## [Information]
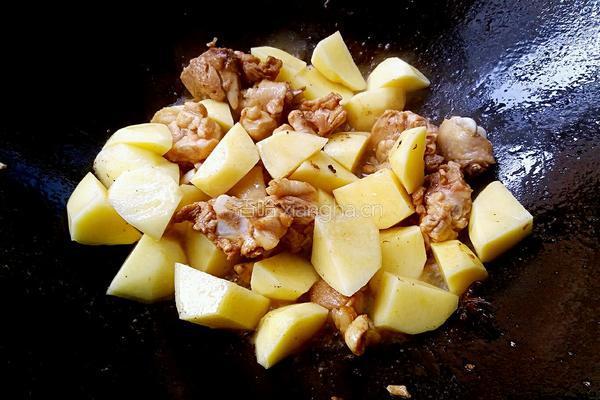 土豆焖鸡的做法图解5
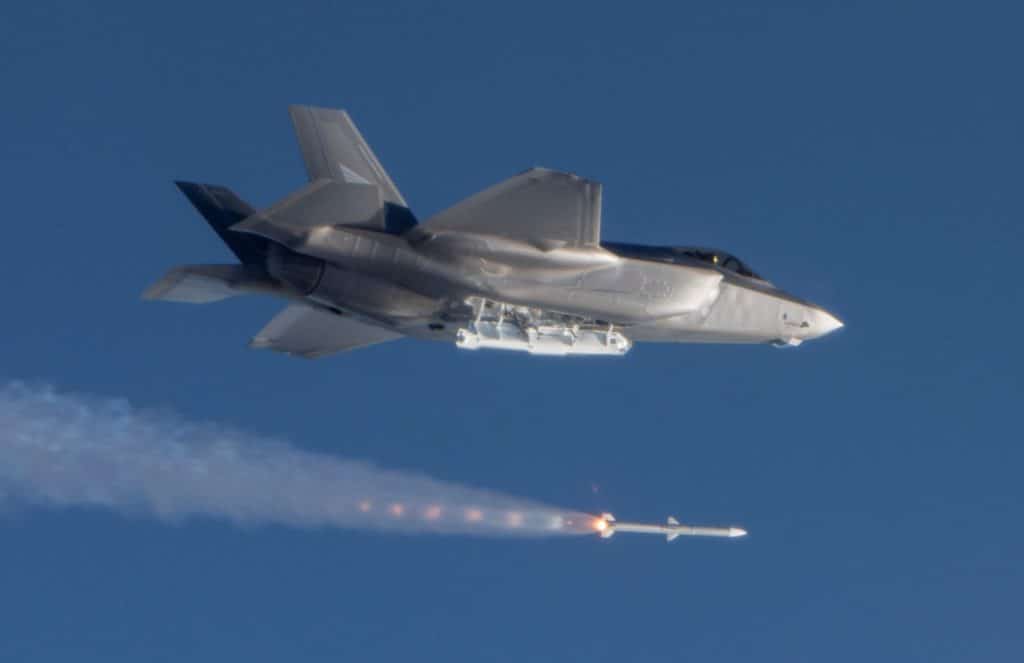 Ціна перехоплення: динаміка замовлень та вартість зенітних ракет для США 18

--

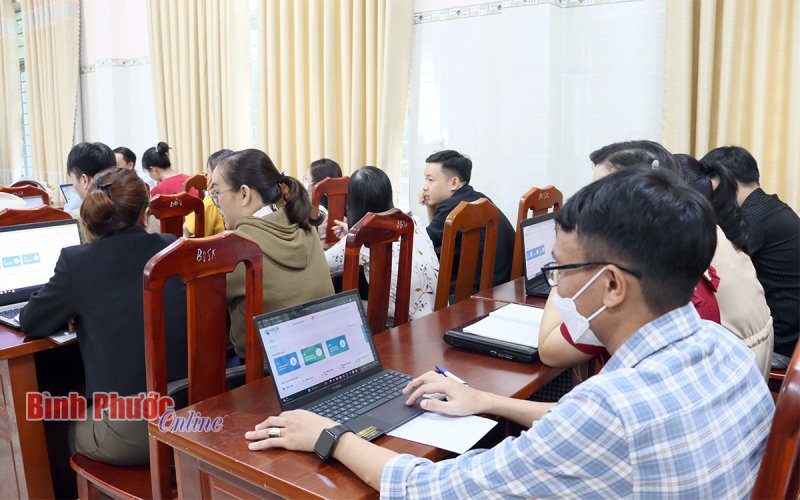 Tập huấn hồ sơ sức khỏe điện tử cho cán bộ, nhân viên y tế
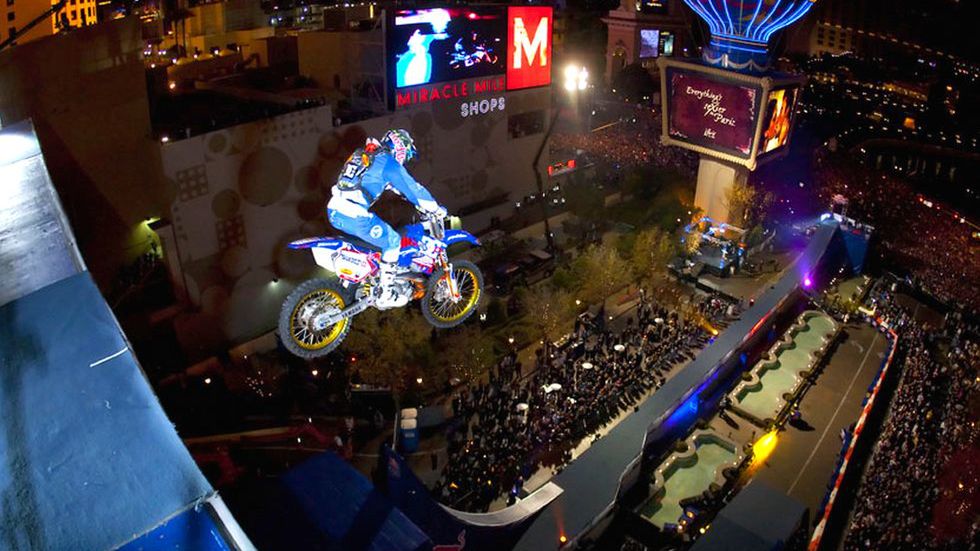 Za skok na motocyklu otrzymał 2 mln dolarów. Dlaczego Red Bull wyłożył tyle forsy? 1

## [Try it]
Repeat exactly the lines above, from the line that contains "Tập huấn hồ" down through the line that contains "Za skok na motocyklu". Include both of those lines and none of the pictures.

## [Exercise answer]
 Tập huấn hồ sơ sức khỏe điện tử cho cán bộ, nhân viên y tế
 Za skok na motocyklu otrzymał 2 mln dolarów. Dlaczego Red Bull wyłożył tyle forsy? 1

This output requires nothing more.